S249 Automatic GTV contours obtained in the step 3 showed a good performance of the proposed methodology.
Conclusions: A minimally interactive tool to segment OAR and GTV in 4D FDG-18 PET/CT NSCLC datasets has been proposed. Considering the results obtained, we may conclude that the preliminary clinical experiments provided promising results. Resulting contours may be used for various purposes, like ITV definition, mid ventilation volumes or aiding to treat moving targets. Consequently, further experiments will be carried out on larger databases to investigate its potential use in daily clinical practice.

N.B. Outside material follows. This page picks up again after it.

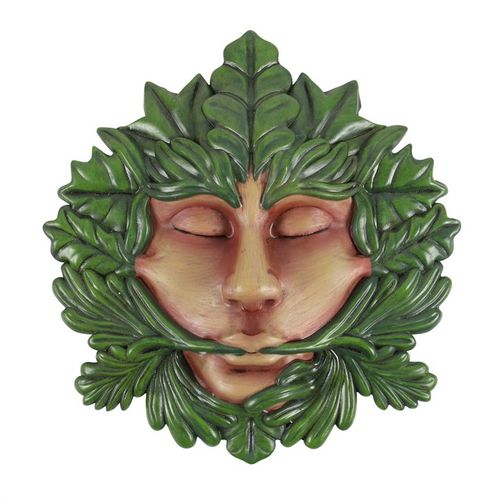 Intricate Green Goddess wall plaque featuring a serene face surrounded by lush green leaves, perfect for nature-inspired decor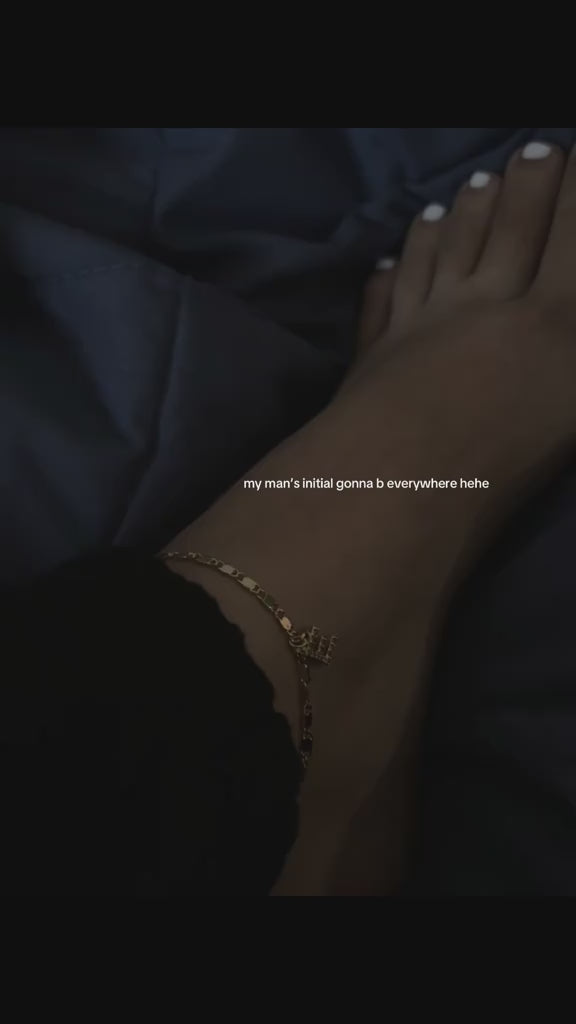 Letter Layered Ankle Bracelets for Women Dainty Chain Initial Pendant Anklets Set Hypoallergenic A-Z Gifts for Girls Trendy Adjustable Size Waterproof Costume Accessories video 1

EP-1706 A pilot study examining deformable imaging in deriving a PET-based PTV for oesophageal cancer radiotherapy planning G. Ward1, S.M. Ramasamy2, J. Sykes1, F. Chowdhury3, A. Scarsbrook3, K. Harris2, P. Hatfield2, A. Crellin2, D. Sebag-Montefiore2, G. Radhakrishna2 1 Leeds Cancer Centre, Medical Physics and Engineering, Leeds, United Kingdom 2 Leeds Cancer Centre, Non Surgical Oncology, Leeds, United Kingdom 3 Leeds Cancer Centre, Clinical Radiology and Nuclear Medicine, Leeds, United Kingdom Purpose/Objective: Improving the delineation of the GTV remains a challenge in oesophageal cancer. Although PET-CT can identify the metabolically active gross tumour, there is uncertainty as to how it is best used. Detailed study of locoregional relapse is also important to determine the appropriate margins around the GTV for future studies of dose escalation. Materials and Methods: Data was collected for 16 patients treated between 2009 and 2010, 7 of which had infield recurrence. All patients were treated with chemoradiation receiving 3D conformal radiotherapy of 50Gy in 25 fractions to the PTV using the SCOPE 1 trial methodology. The PTV (PTVTP) uses the planning CT, diagnostic PET-CT and endoscopic ultrasound (EUS) without deformable image registration. In this study, the target volume was contoured on the PET-CT and deformable image registration (Mirada RTx, Mirada Medical, Oxford, UK) was used to transfer the volume to the planning CT. The entire circumference of the involved oesophagus was outlined as GTV (GTVPET) which was grown to form the PTVPET. This volume was compared to the PTVTP. For relapse patients, the relapse volume (GTVRELAPSE) was contoured on the relapse CT scan and deformable image registration was used to transfer the volume to the planning CT. The location of the relapse volume relative to the PTVTP and PTVPET was compared to determine its relationship to the high dose volume, i.e. the volume receiving 95% of the prescribed dose (figure 1).
Figure 1: For patient 6, the relapse volume is contained within both the PTVPET and the PTVTP. Results: The length of the PTVPET was shorter than the length of the PTVTP in 15/16 patients with an average reduction in the superior and inferior extensions of 1.8cm and 1.0cm respectively. Of the 7 relapse patients, one had small cell oesophageal cancer with an atypical pattern of relapse. This patient relapsed outside both the PTVPET and PTVTP. The remaining patients all relapsed in the high dose region (table 1). The GTVRELAPSE was contained within both the PTVPET and PTVTP for all but one patient. For this patient, the GTVRELAPSE extended beyond the inferior border of the PTVPET but was still contained within the PTVTP.